I have fond memories of skippering your 20 flying your spinny 3 up off Sandy Hook the day after a SHBCC Statue Race. I wanted to confirm that I was on the right track before I invested in parts that would not work together. Not that I have found them yet.
By the way I really liked the 10 to 1 mainsheet on your boat and although I tied to replicate it with an 8 to 1 setup I'm not happy with it. It could be lack of maintenance though.
I think the rudder castings on the Wave are a little newer, there are some fitting issues with the gudgeons depending on 1 piece or 2 piece. Just double check before you buy-shame the style you are looking for, post 87' w/ Miracle-20 connectors to the crossbar are also the most expensive and darn near impossible to find used. There's a reason your boat was cheap! I might suggest the EPO rudders as well, they are a fair bit nicer feeling than the plastic variety.
Be careful modifying mainsheet systems. If it feels unhappy it probably is. We blew up a 8:1 mainsheet system adding a 9:1 purchase block while offshore in a leg of the Tybee 500 (I forget which, we broke a lot of stuff) on the N20. Harken was fantastic and replaced the damaged bits but I recommend using as designed.
I have fond memories of skippering your 20 flying your spinny 3 up off Sandy Hook the day after a SHBCC Statue Race. I wanted to confirm that I was on the right track before I invested in parts that would not work together. Not that I have found them yet.
Still want to get back and do another Liberty Race. Perhaps on the Wave with spinny!
The 20 has different rudder blades than the others, but EPOs are nice if you want y to spend the $$$. You don't need them to be competitive.
All the castings will work. Tiller arm tubes are the main difference boat-to-boat.
You can tell the year by the end of the serial numbers.
The old style rudders fit just fine on the EZ-Lock style pins.
You can't put EZs on the older boats without changing the pins.

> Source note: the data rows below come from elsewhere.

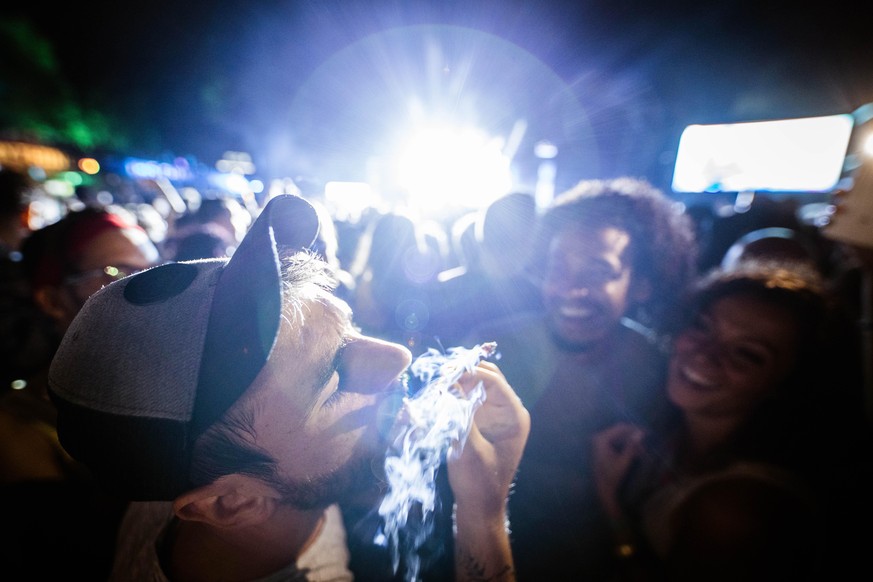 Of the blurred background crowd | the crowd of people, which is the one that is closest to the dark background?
the blurred background crowd

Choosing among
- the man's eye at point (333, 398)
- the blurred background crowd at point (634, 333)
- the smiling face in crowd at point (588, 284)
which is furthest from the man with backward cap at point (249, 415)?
the smiling face in crowd at point (588, 284)

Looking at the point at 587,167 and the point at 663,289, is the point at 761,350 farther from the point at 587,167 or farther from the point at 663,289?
the point at 587,167

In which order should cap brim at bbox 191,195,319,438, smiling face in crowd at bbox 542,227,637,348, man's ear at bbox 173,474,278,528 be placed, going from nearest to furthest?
cap brim at bbox 191,195,319,438 → man's ear at bbox 173,474,278,528 → smiling face in crowd at bbox 542,227,637,348

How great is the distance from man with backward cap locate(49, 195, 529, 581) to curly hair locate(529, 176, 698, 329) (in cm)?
239

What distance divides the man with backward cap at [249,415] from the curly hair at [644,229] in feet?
7.85

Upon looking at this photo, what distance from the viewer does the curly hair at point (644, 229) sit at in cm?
313

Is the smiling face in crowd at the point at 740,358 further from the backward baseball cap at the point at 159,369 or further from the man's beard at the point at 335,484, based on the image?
the backward baseball cap at the point at 159,369

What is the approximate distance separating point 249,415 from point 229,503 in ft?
1.21

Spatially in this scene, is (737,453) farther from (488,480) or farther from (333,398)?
(333,398)

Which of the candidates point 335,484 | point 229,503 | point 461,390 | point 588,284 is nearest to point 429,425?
point 461,390

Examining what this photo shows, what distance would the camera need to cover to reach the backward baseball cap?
1021mm

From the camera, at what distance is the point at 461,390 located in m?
1.34

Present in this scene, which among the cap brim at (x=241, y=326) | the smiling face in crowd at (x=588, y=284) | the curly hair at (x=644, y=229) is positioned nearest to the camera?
the cap brim at (x=241, y=326)

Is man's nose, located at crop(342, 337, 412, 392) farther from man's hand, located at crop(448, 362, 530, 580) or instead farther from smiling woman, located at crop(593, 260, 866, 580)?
smiling woman, located at crop(593, 260, 866, 580) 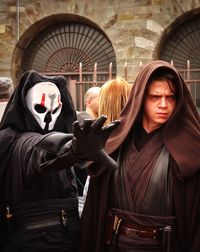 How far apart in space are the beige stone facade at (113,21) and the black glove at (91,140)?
6.82 metres

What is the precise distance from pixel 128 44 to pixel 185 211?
678cm

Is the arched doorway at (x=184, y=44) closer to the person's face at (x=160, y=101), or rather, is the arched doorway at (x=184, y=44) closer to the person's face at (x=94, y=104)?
the person's face at (x=94, y=104)

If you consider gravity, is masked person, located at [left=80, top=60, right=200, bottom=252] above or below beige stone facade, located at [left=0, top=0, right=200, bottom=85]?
below

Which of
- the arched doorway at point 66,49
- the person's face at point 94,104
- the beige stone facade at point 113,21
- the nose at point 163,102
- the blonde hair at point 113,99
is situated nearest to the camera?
the nose at point 163,102

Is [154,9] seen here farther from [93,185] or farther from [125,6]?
[93,185]

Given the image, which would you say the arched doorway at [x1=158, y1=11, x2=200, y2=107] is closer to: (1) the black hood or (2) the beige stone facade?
(2) the beige stone facade

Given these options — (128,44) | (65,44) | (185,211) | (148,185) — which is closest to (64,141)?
(148,185)

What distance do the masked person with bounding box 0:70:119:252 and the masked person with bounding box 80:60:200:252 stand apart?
15 cm

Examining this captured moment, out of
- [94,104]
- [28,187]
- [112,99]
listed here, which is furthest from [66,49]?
[28,187]

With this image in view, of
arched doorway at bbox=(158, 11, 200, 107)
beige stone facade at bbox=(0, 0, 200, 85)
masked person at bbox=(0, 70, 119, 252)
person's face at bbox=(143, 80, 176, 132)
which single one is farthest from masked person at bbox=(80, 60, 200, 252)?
arched doorway at bbox=(158, 11, 200, 107)

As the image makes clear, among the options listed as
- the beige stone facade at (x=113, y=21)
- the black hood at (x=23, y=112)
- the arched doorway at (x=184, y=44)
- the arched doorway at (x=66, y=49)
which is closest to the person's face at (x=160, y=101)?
the black hood at (x=23, y=112)

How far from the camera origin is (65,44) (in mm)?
9523

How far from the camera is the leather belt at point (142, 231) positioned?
2.27 meters

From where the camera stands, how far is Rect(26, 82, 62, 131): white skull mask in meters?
2.60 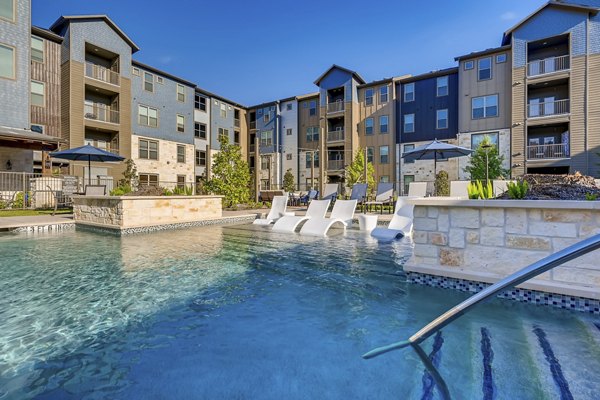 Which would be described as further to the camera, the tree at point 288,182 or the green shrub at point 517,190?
the tree at point 288,182

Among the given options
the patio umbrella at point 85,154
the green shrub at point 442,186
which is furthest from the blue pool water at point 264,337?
the green shrub at point 442,186

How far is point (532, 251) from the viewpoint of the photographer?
11.2ft

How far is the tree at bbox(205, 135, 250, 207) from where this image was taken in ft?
48.5

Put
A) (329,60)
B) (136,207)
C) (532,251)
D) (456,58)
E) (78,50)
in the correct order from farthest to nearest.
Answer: (329,60) → (456,58) → (78,50) → (136,207) → (532,251)

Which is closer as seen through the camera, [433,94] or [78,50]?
[78,50]

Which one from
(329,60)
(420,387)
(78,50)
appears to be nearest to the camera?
(420,387)

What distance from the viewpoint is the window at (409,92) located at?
23375mm

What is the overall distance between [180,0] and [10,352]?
50.9 feet

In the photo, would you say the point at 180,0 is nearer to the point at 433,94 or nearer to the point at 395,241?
the point at 395,241

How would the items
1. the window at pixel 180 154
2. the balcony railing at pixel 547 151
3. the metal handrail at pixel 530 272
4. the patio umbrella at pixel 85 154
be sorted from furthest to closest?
the window at pixel 180 154, the balcony railing at pixel 547 151, the patio umbrella at pixel 85 154, the metal handrail at pixel 530 272

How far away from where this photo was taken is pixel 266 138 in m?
30.4

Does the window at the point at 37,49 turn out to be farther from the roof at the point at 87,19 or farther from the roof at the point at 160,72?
the roof at the point at 160,72

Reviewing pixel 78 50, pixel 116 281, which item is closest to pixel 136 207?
pixel 116 281

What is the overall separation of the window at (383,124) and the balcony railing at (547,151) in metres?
9.27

I have a pretty new boat, with a really old rudder system (came off an old Wave, so they weren't ancient). It does not (yet) have the Miracle-style connectors, and it is a pain to manage without them (installing, removing, storage). That will be my next upgrade.

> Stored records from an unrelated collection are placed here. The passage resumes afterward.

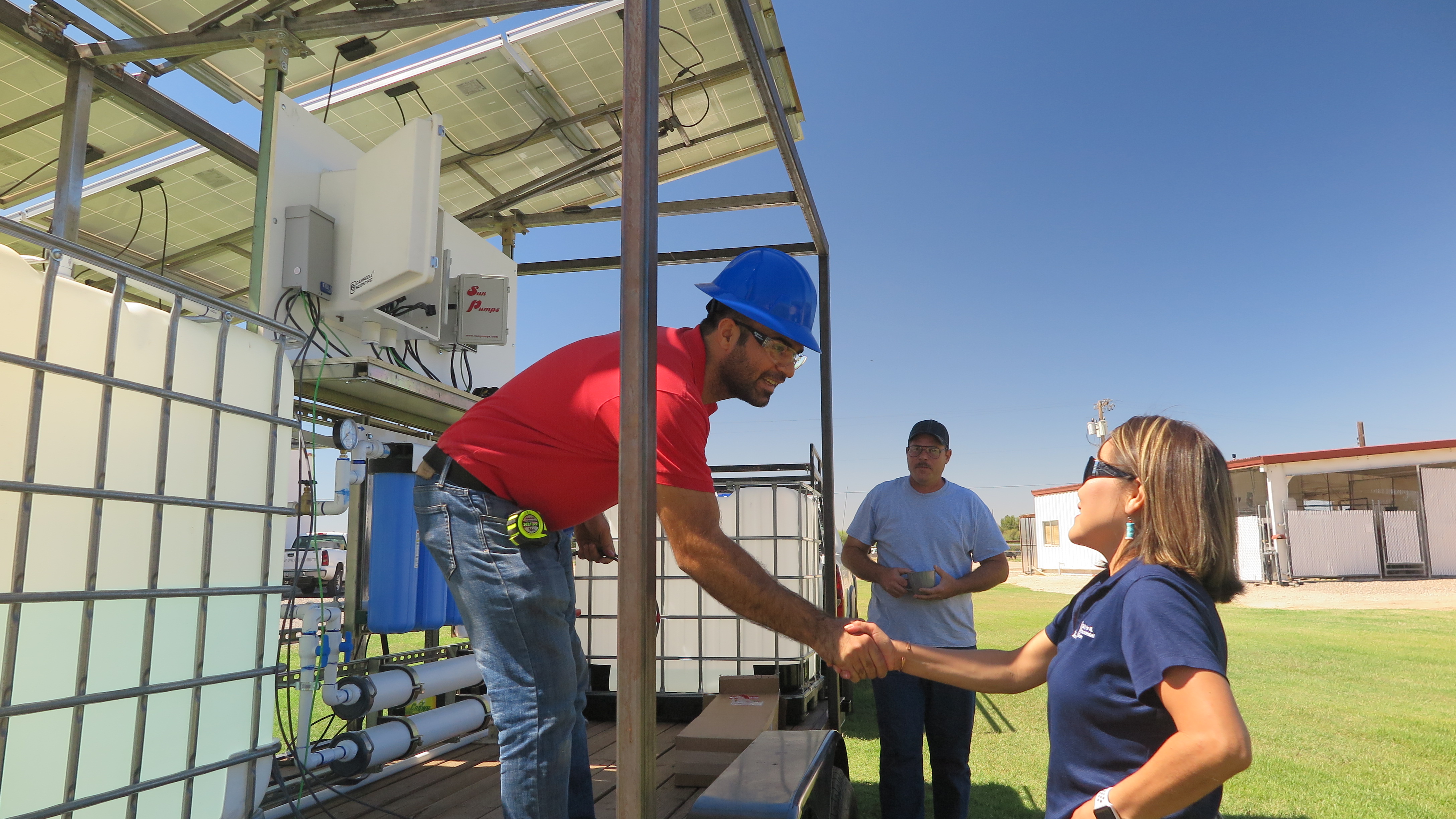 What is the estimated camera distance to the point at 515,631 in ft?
6.64

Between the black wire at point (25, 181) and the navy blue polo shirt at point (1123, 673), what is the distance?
7651 mm

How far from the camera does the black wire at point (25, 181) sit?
636cm

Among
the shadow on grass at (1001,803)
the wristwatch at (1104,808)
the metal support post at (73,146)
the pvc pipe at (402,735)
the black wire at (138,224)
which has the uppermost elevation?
the black wire at (138,224)

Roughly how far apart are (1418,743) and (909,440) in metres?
4.62

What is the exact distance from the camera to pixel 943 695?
3607 millimetres

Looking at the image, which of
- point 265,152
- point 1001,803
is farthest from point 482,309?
point 1001,803

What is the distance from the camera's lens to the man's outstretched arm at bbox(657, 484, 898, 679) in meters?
1.87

The old castings fit just fine on the new pintles. Those pintles are a MAJOR pain to remove, and not cheap to replace, so don't bother. All you need to do is add a spacer between the top of the casting and the keeper pin hole. I use some wooden drawer pulls from Home Depot, drilled out and shaved down to size. Works great.

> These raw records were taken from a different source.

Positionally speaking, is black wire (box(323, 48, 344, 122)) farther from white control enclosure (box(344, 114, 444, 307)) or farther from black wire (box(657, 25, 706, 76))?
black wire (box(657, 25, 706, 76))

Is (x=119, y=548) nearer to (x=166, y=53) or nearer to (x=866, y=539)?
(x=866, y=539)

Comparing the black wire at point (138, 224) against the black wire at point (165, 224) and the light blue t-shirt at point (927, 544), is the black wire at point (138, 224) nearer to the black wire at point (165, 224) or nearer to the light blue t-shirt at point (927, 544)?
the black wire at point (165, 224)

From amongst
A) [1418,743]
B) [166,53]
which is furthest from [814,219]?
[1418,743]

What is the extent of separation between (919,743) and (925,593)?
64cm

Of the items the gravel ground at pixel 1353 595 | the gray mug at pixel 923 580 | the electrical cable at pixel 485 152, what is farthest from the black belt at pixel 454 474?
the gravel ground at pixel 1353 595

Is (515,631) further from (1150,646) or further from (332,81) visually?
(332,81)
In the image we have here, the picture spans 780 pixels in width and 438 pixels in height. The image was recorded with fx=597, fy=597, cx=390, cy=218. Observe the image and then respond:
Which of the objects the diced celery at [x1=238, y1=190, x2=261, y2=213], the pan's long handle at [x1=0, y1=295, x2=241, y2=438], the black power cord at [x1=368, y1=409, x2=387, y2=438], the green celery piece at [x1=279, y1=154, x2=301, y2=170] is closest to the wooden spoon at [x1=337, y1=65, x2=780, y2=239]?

For the Madcatter this year, I finally installed my new rudders. These were white racing rudders from a H16, which were bought as spares jest before the new EPOs hit the market, but were never used. The H16 holes were filled with Marine Tex, and the rudders were redrilled to H17 specs. This worked much, much better than the old plastic ones that came with the castings (which weren't even the same color).
I added a tiller last year, and I am having a love/hate relationship with that. Takes me 3-4 races before I remember not to try to throw it around the back like on the H16. That does not make for good tacks...
Anyway, I learned most of what I know about these rudders from Jim Glanden (and quite a bit of sailing tips from Mimi). I hope this shared info helps. Let us know how you make out.
Mike
The EZ LOC (current) rudder system is by far the least expensive replacement option and the dealer is correct... just over $1,061 (USA / USD / 5-2013) plus possible freight. Aluminum castings and rudders are far more expensive.
1 39524001 TILLER XBAR WAVE
EZ LOC
2 39312000 WAVE EZ LOC RUDDER ASSY
2 90880211 PINTLE UPR - EZ LOC
2 90880221 PINTLE LWR - EZ LOC
12 8030411 SCREW 12-24X3/4 LONG LOCK PHMS
Thanks to everybody that provided advice. Since I have not found a decent set of used rudders that I could re-purpose it looks like I will buy new. Now to figure out what I need to get the spinnaker that came (minus a pole) with the boat. This will be a hoot to sail this summer when I don't have my regular crew on the 20.
Surviving resort life is certainly the acid test of durability!
I switched to the old system on the new boat, but other than being able to raise a rudder, I doubt there's much improvement for racing. And when it's windy, there's no time for messing with lifting rudders!